The Janice M. Roper Memorial Scholarship
The Janice M. Roper Endowed Memorial Scholarship was established by Rachel Parker and her husband Tim to honor Roper’s passion for education and her nursing career. The scholarship will support pre-licensure students in the Bachelor of Science or Masters Entry Clinical Nursing programs, and Advanced Practice RN students. Its mission: to encourage nursing students, especially those from rural communities—like Roper, and those with an interest in diabetes care—a tribute to Roper’s granddaughter, who has type 1 diabetes.
Janice M. Roper grew up in the rural town of Booneville, Iowa with her brother and three sisters. “It was a hard scrabble life,” her daughter Rachel Parker recalls. “There are photographs of the girls as toddlers wearing dresses made from flour sacks.” Though Roper’s father coped with limited mobility, the family ran a farm and a little store. Her mother worked for the post office.
Booneville had a one-room schoolhouse with only three children in Roper’s grade. “Despite that modest start, when she graduated from the eighth grade, she had the highest grades in Dallas County,” Parker says. “When she graduated from Van Meter High School, she was valedictorian of the class.”
Post-graduation, Roper received her RN from Iowa Methodist Hospital in Des Moines. Added to the mix: Roper got married, became a mother of two, moved to Hawaii, and then, in 1963, to Los Angeles. In LA, she became a floor nurse at the Veterans Administration (VA), a position that would ultimately shape her future. The sage words from the VA staff – to advance her career, she’d need a bachelor’s of science degree – led Roper to attain her bachelors. It was in 1970 when Janice landed at UCLA, where she earned her Masters of Nursing with a focus on psychology. “She was working with vets who’d come back from Vietnam with PTSD [post-traumatic stress syndrome],” Parker says of Roper’s specialization. “Learning about caring for people with trauma disorders was important to her.” Something Roper did at the VA, all the while moving up the ranks over her 45-year tenure.

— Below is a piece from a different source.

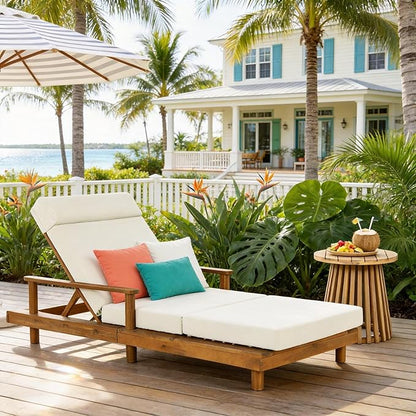 Christopher Knight Home Tuki Acacia Wood Chaise Lounge Chair Outdoor, Poolside Sun Lounger Recliner, Outdoor Chaise Lounge with 4-Fold Cushions, Adjustable Backrest Single Lounge Sofa, Beige+Teak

The drive to continue her education saw Roper back at UCLA, earning her Ph.D. in social anthropology. Her upbringing had ingrained an interest in how rural communities cared for their sick, leading to a focus on medical practices in traditional farming and Native American communities in California. A book sprang from these studies, Ethnography in Nursing Research, co-authored with Jill Shapira.

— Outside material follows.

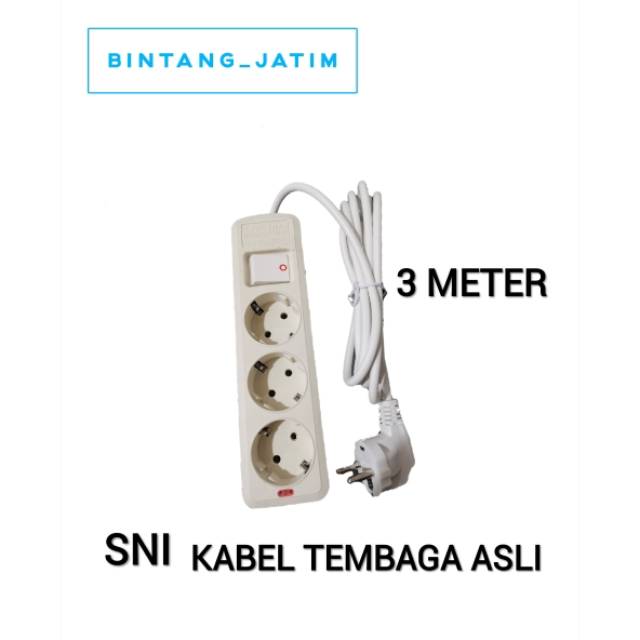 STOP KONTAK 3 LUBANG PANJANG 3M + KABEL / STOP KONTAK KABEL / colokan listrik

Teaching was a natural foray for Roper, who took to the lectern at the UCLA School of Nursing. Eventually, Roper retired — something she wasn’t quite ready to embrace. “There’s more in me,” she told Parker. “I want to help young nurses understand their careers.”
An opportunity arose through a nursing program in Long Beach where students from less developed countries in Asia and the Middle East learned American nursing practices, including how to navigate their careers back in their home countries.

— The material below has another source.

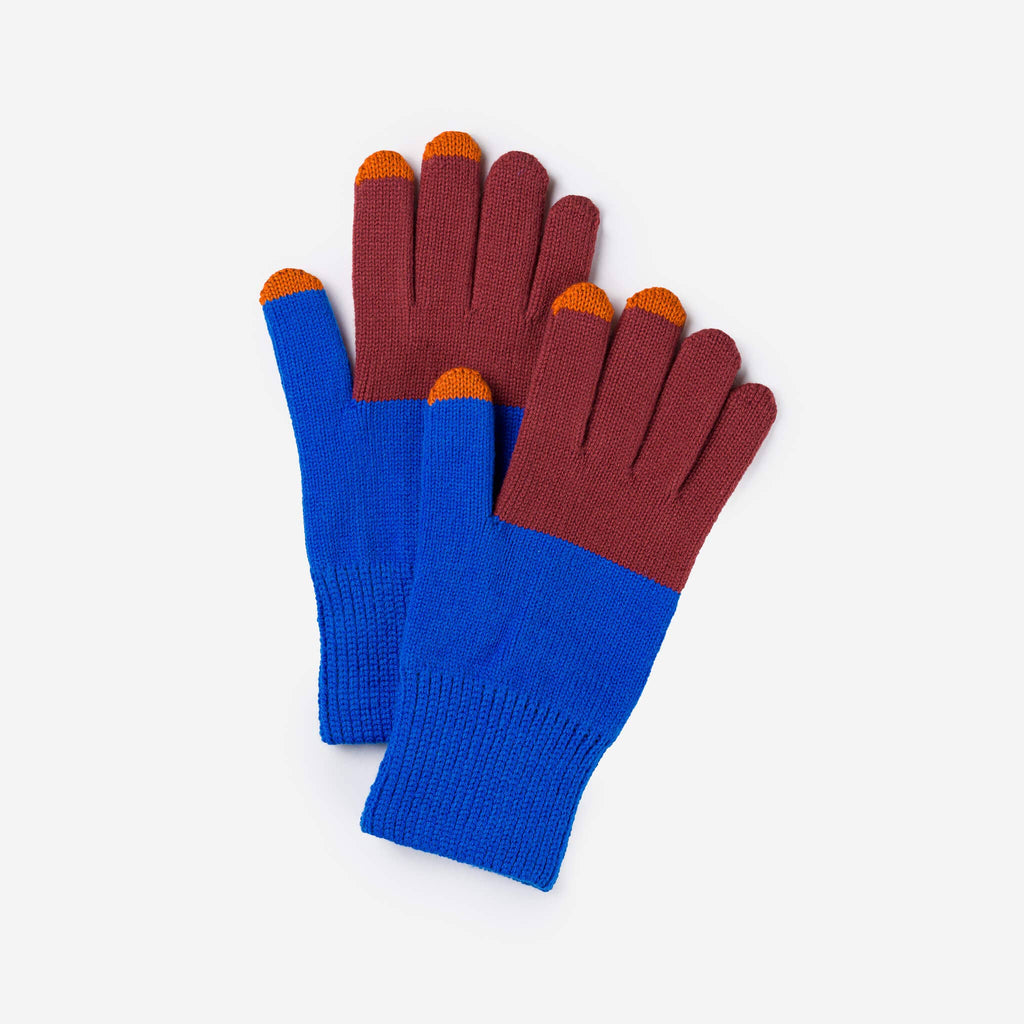 Colorblock Knit Touchscreen Gloves | Ruby Cobalt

As she reflected on her life, Roper often told her kids she’d “done pretty good for a little girl from a little town in Iowa.” Parker’s thoughts, “We think so, too.”
After Roper passed away from Alzheimer’s, her family knew her desire to help nurses should continue. “Education, to her, was a way to improve your life and be an active member of society,” Parker says. Something Roper’s family hopes the scholarship will help continue for other nurses.